El vacío creado al mismo tiempo por la resistencia de las viejas (y las nuevas) universidades a la reforma y por la expulsión de los jesuitas (que dejaron desamparados numerosos centros de enseñanza, entre ellos las universidades de Buenos Aires, Popayán, Panamá y Concepción de Chile) movieron a las autoridades borbónicas (en estricto paralelo con lo sucedido en el ámbito metropolitano) a utilizar los viejos edificios de la Compañía para albergar nuevas instituciones que, al margen de las universidades, permitiesen la modernización de la enseñanza superior. El caso más llamativo fue el de los Colegios de San Carlos o Convictorios Carolinos, fundados en Lima y en Buenos Aires. Así, el Convictorio de Lima regló sus enseñanzas por un plan de estudios redactado por el ilustrado chachapoyano Toribio Rodríguez de Mendoza (1787), que permitió la introducción en sus aulas de la obra de Newton o el estudio de la agricultura como nueva ciencia considerada entre las útiles.

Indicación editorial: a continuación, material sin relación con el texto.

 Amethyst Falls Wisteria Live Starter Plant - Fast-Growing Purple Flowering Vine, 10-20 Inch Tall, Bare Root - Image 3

Los Jardines Botánicos fueron una consecuencia de las grandes expediciones científicas de la segunda mitad de siglo. La voluntad de institucionalización de la investigación científica, a fin de prolongar con un establecimiento permanente los resultados de la expedición fue el origen de los grandes Jardines Botánicos de México, Lima o Guatemala, que además crearon en su entorno otros centros de enseñanza (Cátedras de Botánica) o contribuyeron a la reforma de la medicina y la farmacia, como en el caso mexicano. El mismo origen tuvieron tanto el Observatorio Astronómico de Montevideo, creado como instrumento de apoyo de la expedición de Malaspina, o el Observatorio Astronómico de Santa Fe de Bogotá, creado por Mutis y dirigido por Francisco José de Caldas.
Las enseñanzas de Medicina se abrieron camino lentamente en el mundo universitario hispanoamericano. La cátedra de Medicina de Bogotá fue restablecida en el Colegio del Rosario en 1805 por obra de Mutis, después de la suspensión de la disciplina en 1774. En la Universidad de Caracas los estudios médicos fueron los últimos en introducirse y todavía dentro de la tradición galénica, de la mano del mallorquín Lorenzo Campins (1763). Y en la Universidad de Guatemala conocieron su momento de esplendor a fines de siglo, con las figuras del médico chiapaneco José Felipe Flores y su discípulo Narciso Esparragosa. Esta fue una de las razones que llevaron a la creación (como ocurriera en la metrópoli) de centros de enseñanza de Medicina al margen de la Universidad, como fueron la Escuela de Cirugía de México (1768), la Cátedra de Medicina Clínica creada por Tomás Romay en el Hospital Militar de San Ambrosio en La Habana (1797-1806) y, sobre todo, los centros impulsados por Hipólito de Unanue en Lima, el Anfiteatro Anatómico (1792) y el Colegio de Medicina de San Fernando (1808).
Finalmente, la Escuela o Seminario de Minería de México fue un organismo singular creado para responder a la necesidad de formar técnicos cualificados en uno de los más importantes ramos de la economía novohispana. Precedida de una serie de importantes polémicas sobre los métodos de extracción de la plata en los años sesenta y setenta, así como también de otras actuaciones con incidencia en el ramo, como fueron la implantación del Tribunal de Minería (1777) y las Ordenanzas de Minería (1783), el Real Seminario editó algunos excelentes libros de texto (singularmente los Principios de física y matemática experimental de Francisco Antonio Ballester, 1802) y tuvo un sobresaliente cuadro de profesores, donde destacaron los españoles Fausto Delhuyar y Andrés Manuel del Río, así como algún docente invitado de excepción como Alejandro de Humboldt.